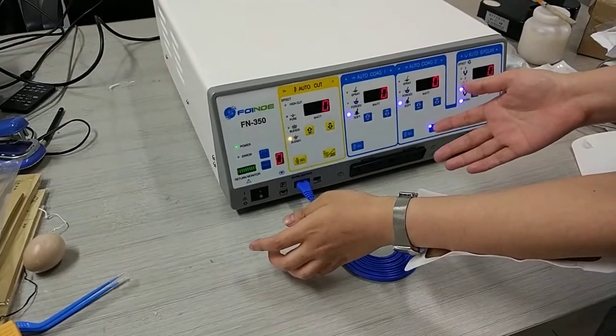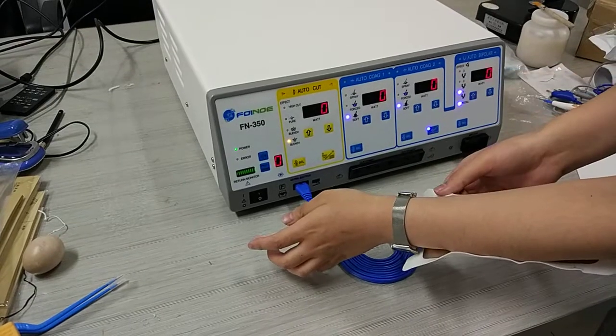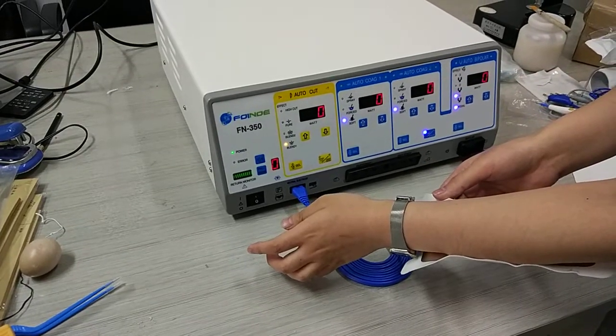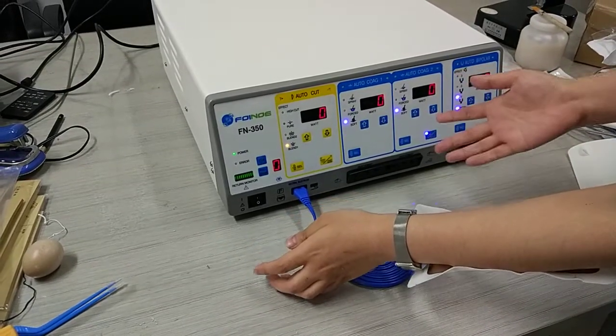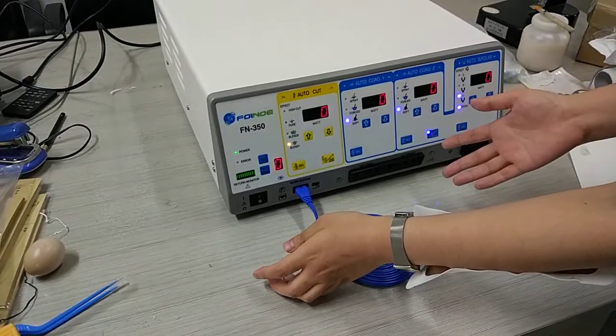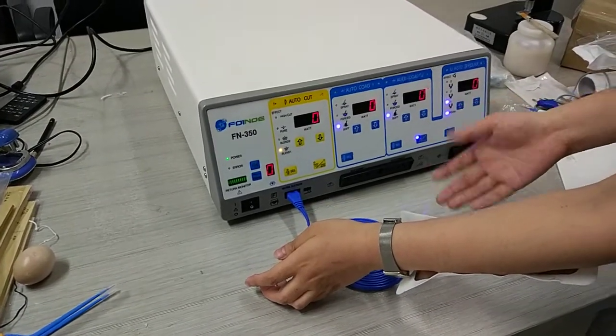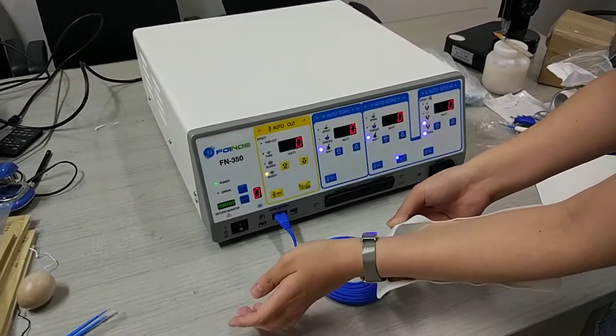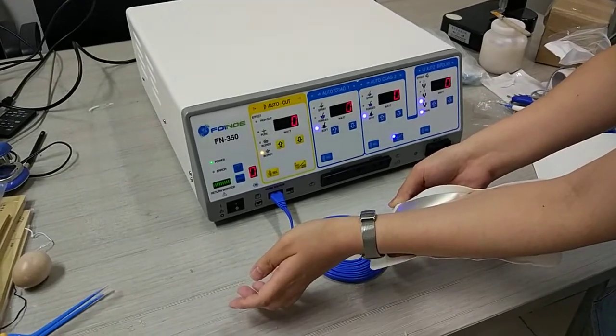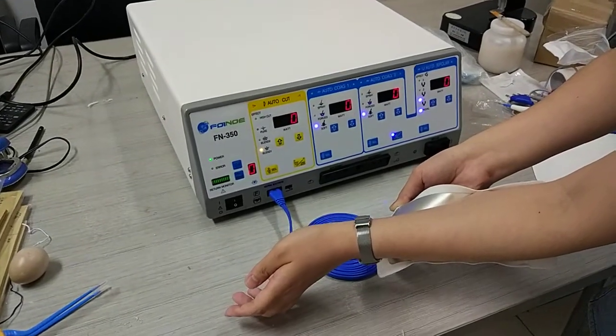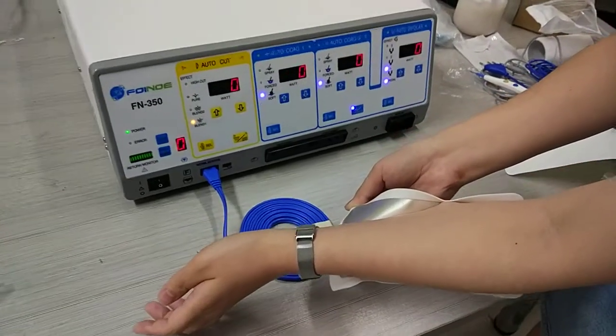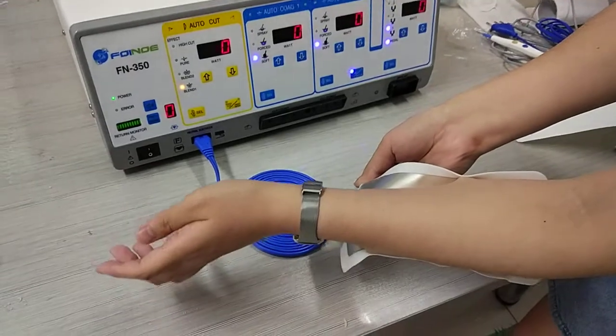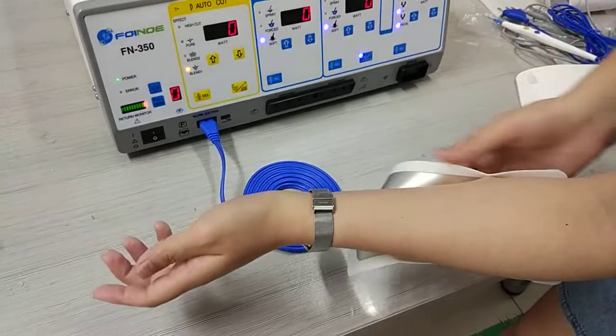During surgery, this patient plate can fall off from the patient. So when it falls off, as you can see, the alarm doesn't sound.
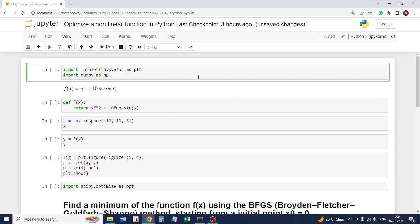In this video we are going to see how to optimize a nonlinear function in Python. Last time we saw how to optimize a linear programming function. This time we are going to see how to optimize a nonlinear function.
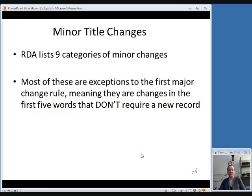Now we'll briefly cover the categories of minor title changes — things that do not require a new record. RDA gives nine categories of minor changes. Most of these are exceptions to the first major change rule, meaning they are changes in the first five words that still don't require a new record.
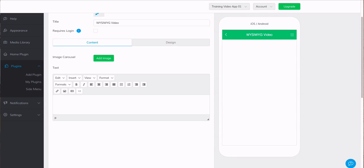Hi, and welcome to our video on the WYSIWYG editor. In this video, we will talk about the WYSIWYG and how you can use it to add content to your app.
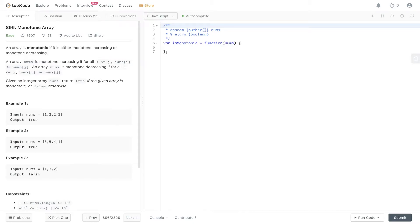Welcome back to Algo.js. Today's question is LeetCode 896, Monotonic Array. An array is monotonic if it is either monotone increasing or monotone decreasing. An array nums is monotone increasing if for all i less than or equal to j, nums[i] is less than or equal to nums[j]. An array nums is monotone decreasing if for all i less than or equal to j, nums[i] is greater than or equal to nums[j]. Given an integer array nums, return true if the array is monotonic, or false otherwise.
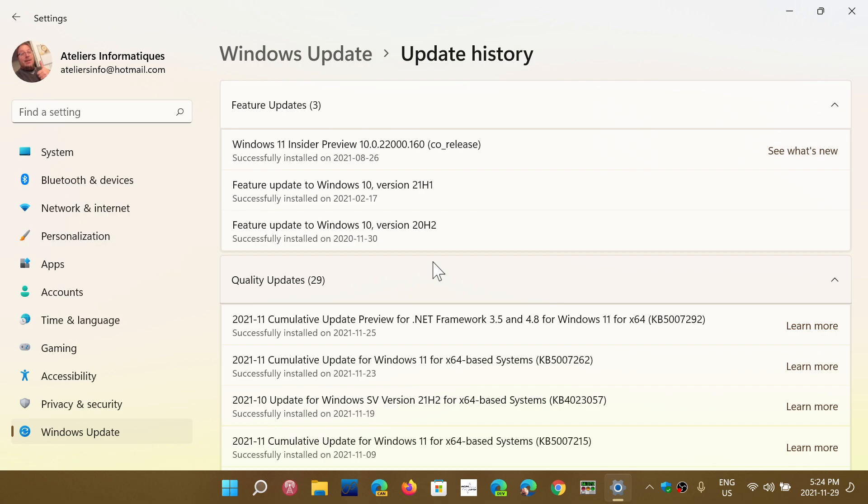anything. In general, you'll have preview updates, which are bug fixes. You also have the section on quality updates, which in general is almost always Patch Tuesday security updates, but it's not always the case.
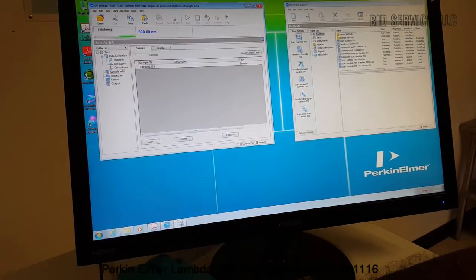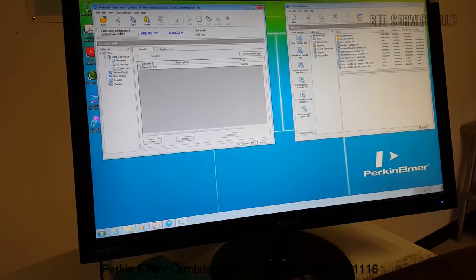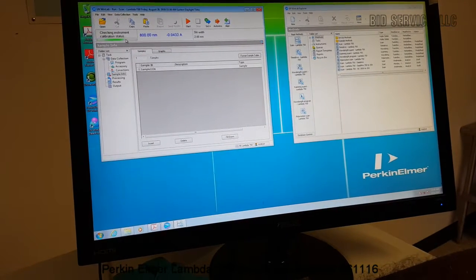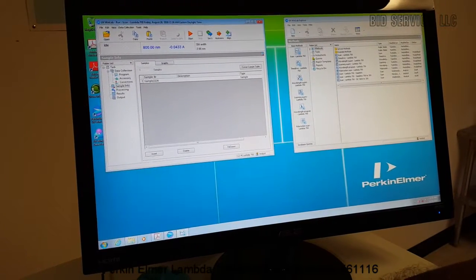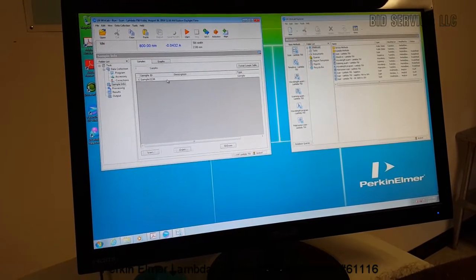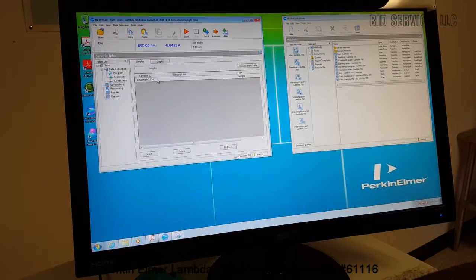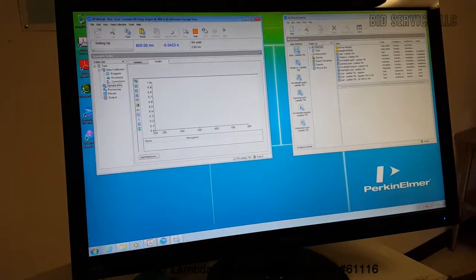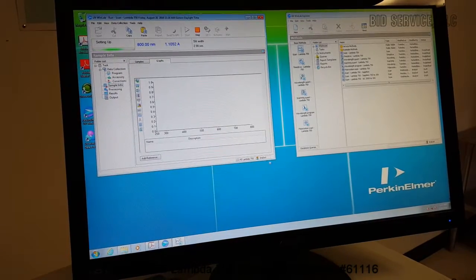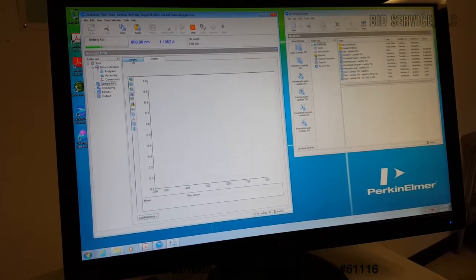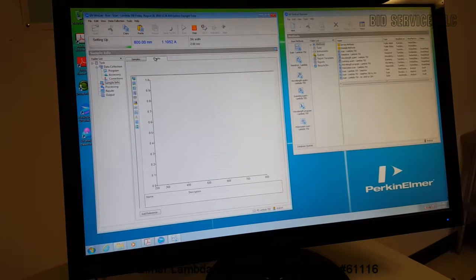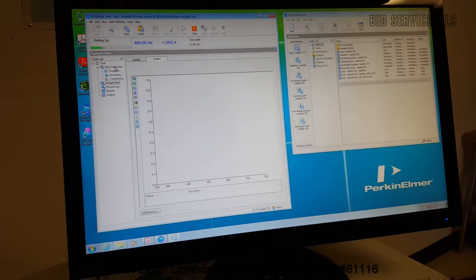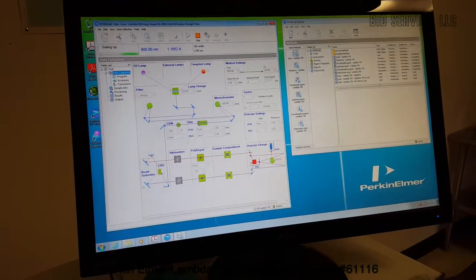So once the scan window is selected, the initialization of the spectrometer takes place and the unit will also check the instrument calibration. And the sample ID, there is a default counter which will always be a new sample ID. And once you press Start, the graph window will open. And the unit will start to set up the machine to the settings as set in the data collection window.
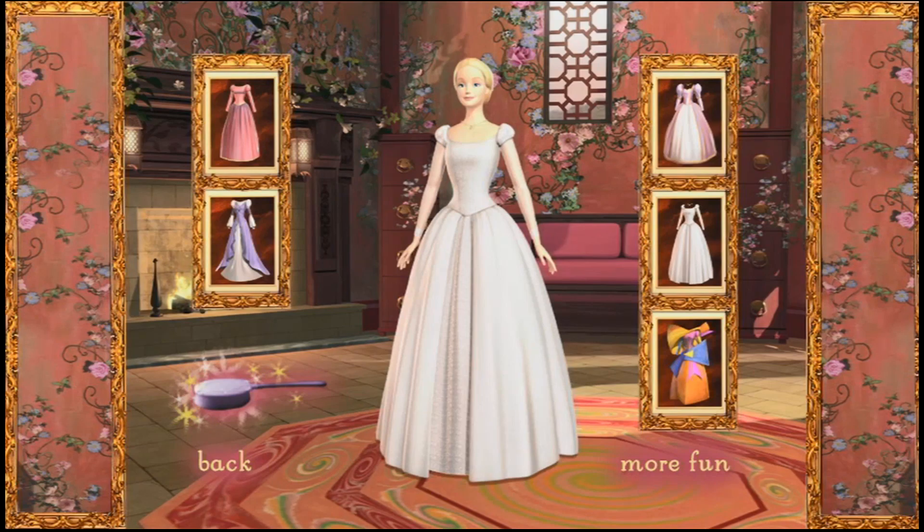This is a lovely wedding dress. Do you see how delicate the sleeves are? Let's choose a hairstyle to go with it.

__Activity__. The stretch above running from the line with "Now we'll briefly" through the line with "Hi, and welcome" is all you should copy, exactly, leaving out the pictures.

__Answer to this exercise__.
Now we'll briefly cover the categories of minor title changes — things that do not require a new record. RDA gives nine categories of minor changes. Most of these are exceptions to the first major change rule, meaning they are changes in the first five words that still don't require a new record.
Hi, and welcome to our video on the WYSIWYG editor. In this video, we will talk about the WYSIWYG and how you can use it to add content to your app.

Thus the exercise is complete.